* **DATA SHOWN**
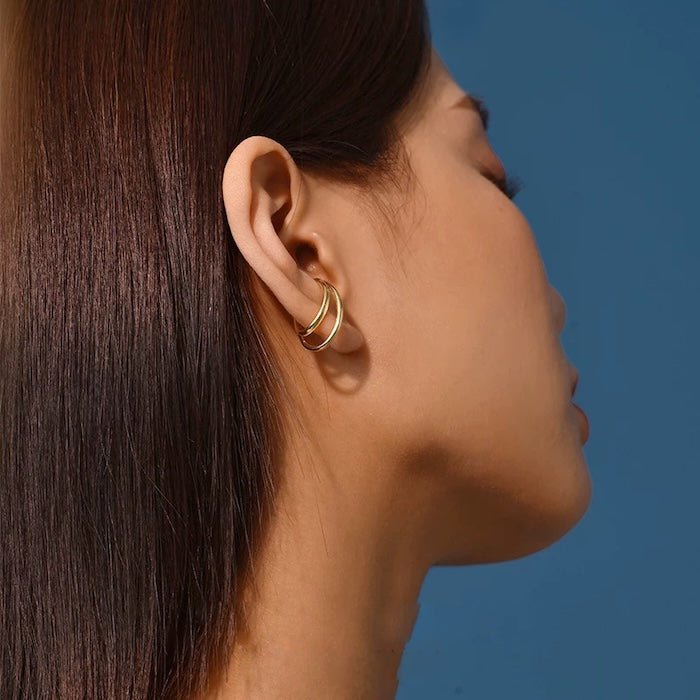 Cuffia auricolare minimalista a doppio cerchio opaco - un pezzo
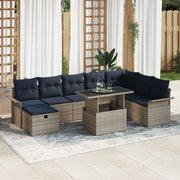 Set Divano da Giardino con cuscino 9 pcs Grigio Poly Rattan 3361034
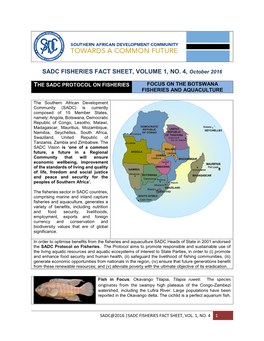 SADC FISHERIES FACT SHEET, VOLUME 1, NO. 4, October 2016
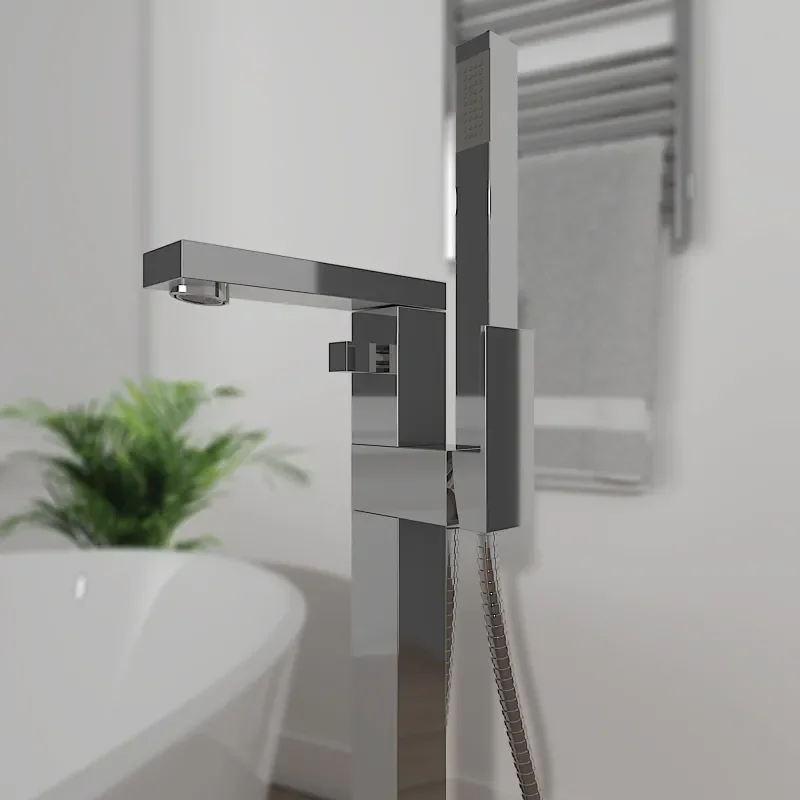 Technical line drawing showing dimensions of Slade Floor Standing Bath Shower Single Lever Tap with Shower Kit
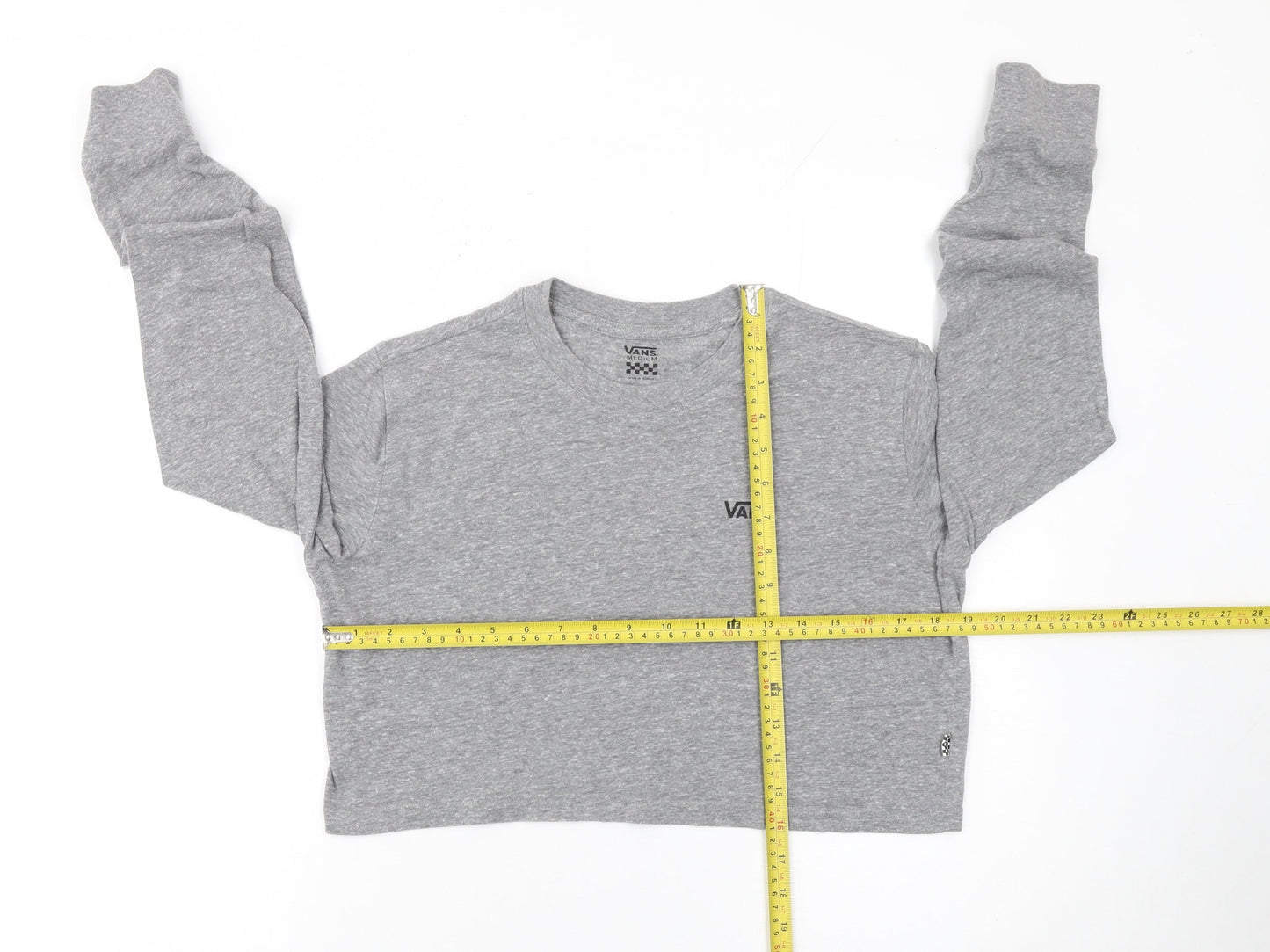 Womens UK Size M VANS Grey Cropped T-Shirt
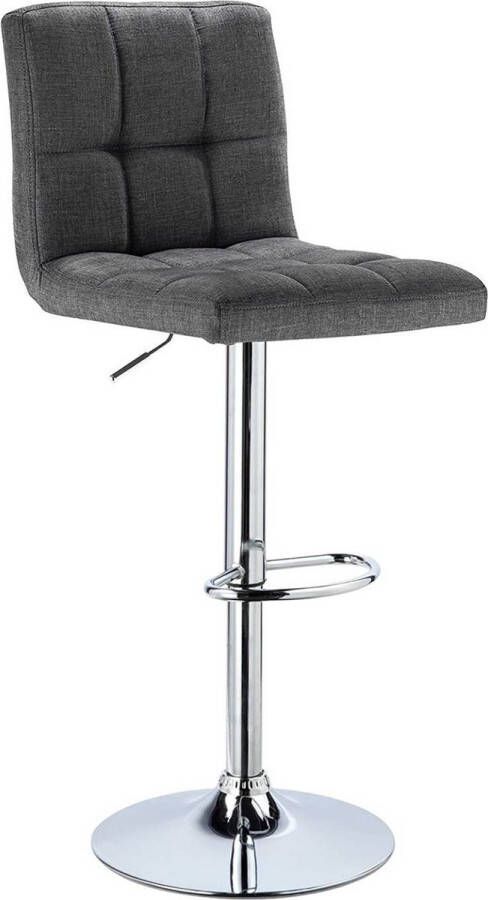 Dripio Barkruk Dora Industrial Donkergrijs Barkrukken set van 1 Barstoel Kruk Barstoelen met rugleuning Keukenstoel In hoogte verstelbaar Linnen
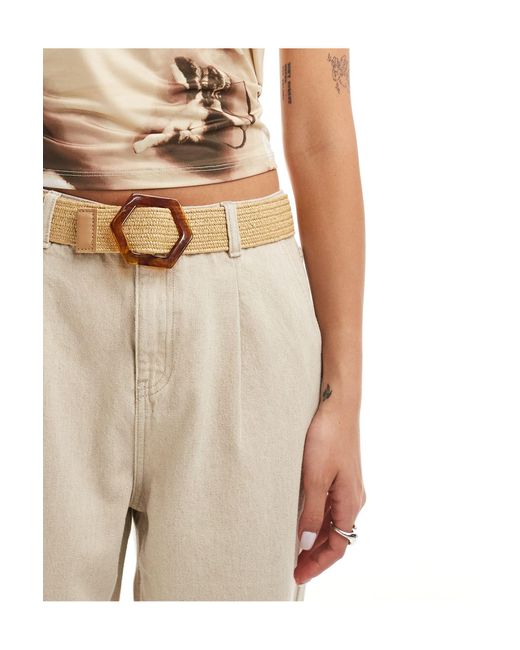 Urban Revivo Natural Relaxed Wide Leg Trousers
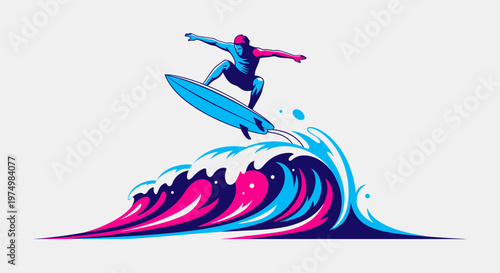 Dynamic Surfer Captures The Peak Of An Energetic Wave Artfully Illustrated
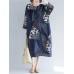 Vintage Women Folk Style Cotton Print Patchwork Dress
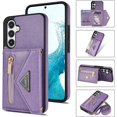 thumbnail image 2 of Compatible with Samsung Galaxy A54 5G Wallet Case with Card Slot  Flip Leather Shockproof Zipper Protective Handbag with Crossbody Strap for Galaxy A54 5G Case Wallet(Purple-6.4 inch), 2 of 8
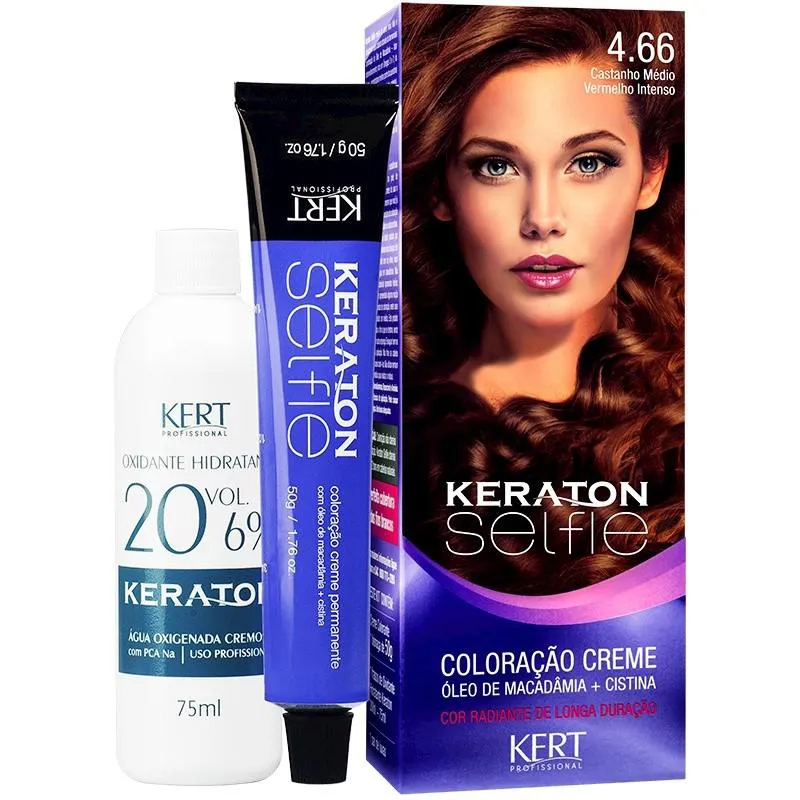 Kit 2 Keraton Selfie 4.66 Castanho Méd. Vermelho Intenso 50G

* **ACTIVITY**
Starting at the line with "thumbnail image 2", transcribe the listing above exactly through its last line. No picture belongs in the transcription.

* **EXERCISE RESPONSE**
 thumbnail image 2 of Compatible with Samsung Galaxy A54 5G Wallet Case with Card Slot  Flip Leather Shockproof Zipper Protective Handbag with Crossbody Strap for Galaxy A54 5G Case Wallet(Purple-6.4 inch), 2 of 8
 Kit 2 Keraton Selfie 4.66 Castanho Méd. Vermelho Intenso 50G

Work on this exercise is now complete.